02 | help

628 56 6
                                    

FLASHBACK

"ESTELLE! Beni dinle! Beni dinlemek zorundasın."

"Hayır değilim! Ben hiçbir şey yapmak zorunda değilim."

"Ben senin babanım! Bir aile olmamız için çabalıyorum."

"Benim ailem annemdi. Annem ve ben birlikte çok mutlu bir aileydik. Annem öldü. Duyuyor musun beni?! ANNEM ÖLDÜ! Benim artık bir ailem yok. Sen benim hiçbir şeyim değilsin."

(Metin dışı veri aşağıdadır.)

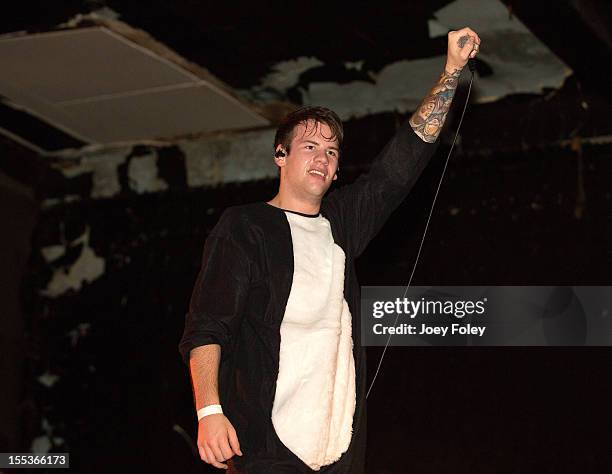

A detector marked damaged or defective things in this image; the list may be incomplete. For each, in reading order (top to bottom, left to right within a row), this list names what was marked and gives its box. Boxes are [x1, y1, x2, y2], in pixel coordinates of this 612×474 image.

damaged ceiling [0, 0, 608, 156]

"Estelle! Yeter artık! Ben senin babanım benimle böyle konuşamazsın."

"Sen neyden bahsediyorsun ya? Neyden bahsediyorsun? Birden ortaya çıkıp ben senin babanım diyemezsin bana. Yıllardır neredeydin? Ben söyleyeyim nerde olduğunu... Annemi aldattığın o kadınla birlikteydin. Şimdi gelip bana ben senin babanım deme. Çünkü değilsin. Biyolojik olarak evet, ama diğer hiçbir türlü benim babam değilsin. Şimdi beni rahat bırak."

●●●●●●●●●●●●●●●●●●●●

Estelle nefes nefese uyandı. Yine aynı kabusu görmüştü. Annesinin ölümü... Estelle'nin annesi bir seherbazdı ve ölüm yiyenler onu kızının önünde öldürmüştü. Gözünü bile kırpmadan almışlardı kadının canını. Karanlığın yükselişe geçtiği dönemlerdi. Ertesi gün tüm gazetelerde kadının nasıl öldüğü ve bunun 15 yaşındaki kızının önünde yapıldığı yazıyordu.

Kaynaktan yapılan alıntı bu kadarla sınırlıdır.